%%

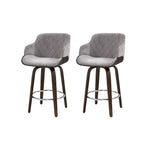 Artiss 2x Bar Stools Swivel Velvet Padded Wooden BA-TW-8908-GYX2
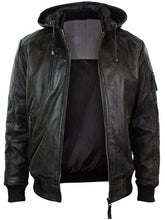 Men’s Dark Brown Distressed Hooded Leather Jacket
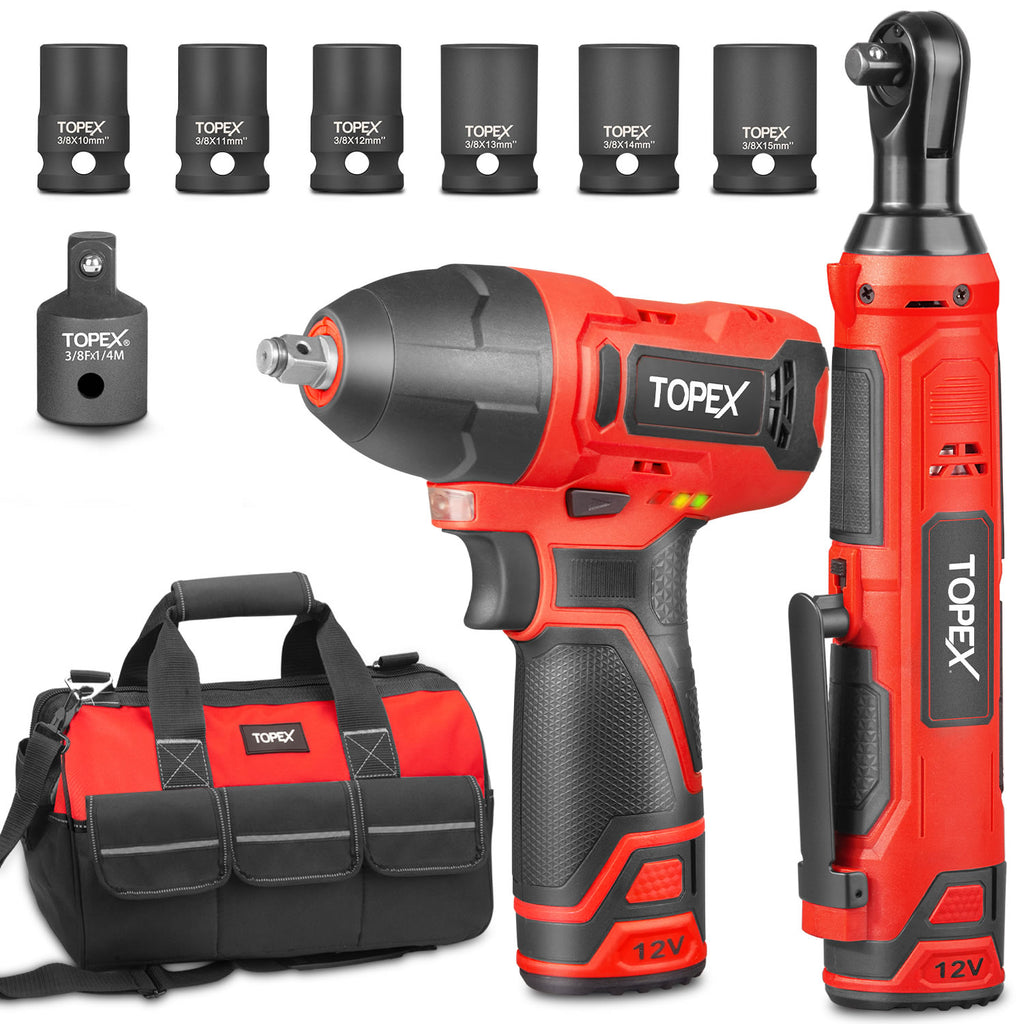 TOPEX 12V Power Tool Twin Kit Cordless Wrenches Impact Wrench with 6 Sockets & 3/8" Electric Ratchet Wrench 300RPM Variable Speed LED Light w/ 2 Lithium-Ion Batteries & 16-inch Multi-Pocket Tool Bag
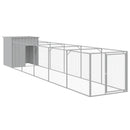 vidaXL Dog House with Run Outdoor Dog Kennel Cage Shelter Galvanized Steel-12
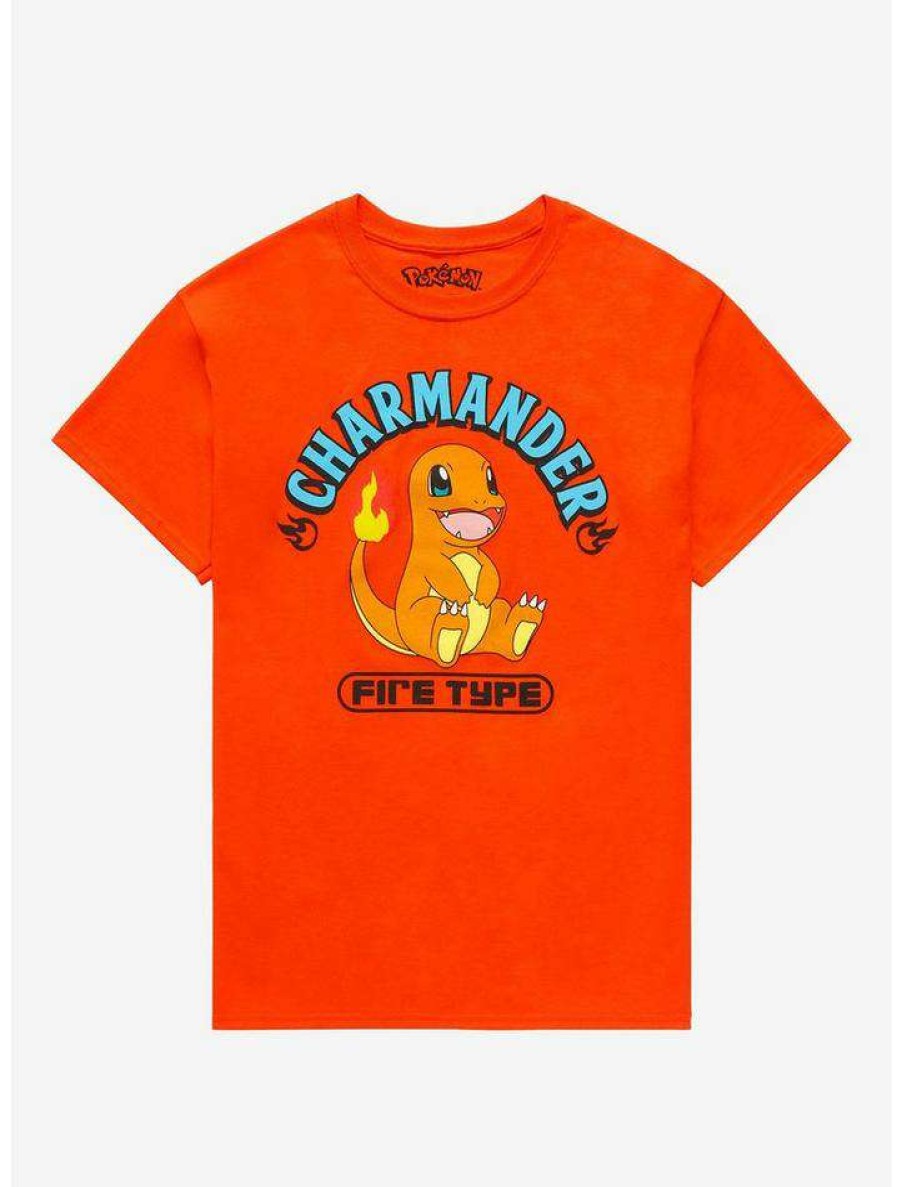 Tees * | Buy Pokemon Charmander Fire Type T-Shirt Orange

%%

• _About this exercise_:
Nothing but the records above, exact and without pictures, should appear in the answer.

• _Response_:
 Artiss 2x Bar Stools Swivel Velvet Padded Wooden BA-TW-8908-GYX2
 Men’s Dark Brown Distressed Hooded Leather Jacket
 TOPEX 12V Power Tool Twin Kit Cordless Wrenches Impact Wrench with 6 Sockets & 3/8" Electric Ratchet Wrench 300RPM Variable Speed LED Light w/ 2 Lithium-Ion Batteries & 16-inch Multi-Pocket Tool Bag
 vidaXL Dog House with Run Outdoor Dog Kennel Cage Shelter Galvanized Steel-12
 Tees * | Buy Pokemon Charmander Fire Type T-Shirt Orange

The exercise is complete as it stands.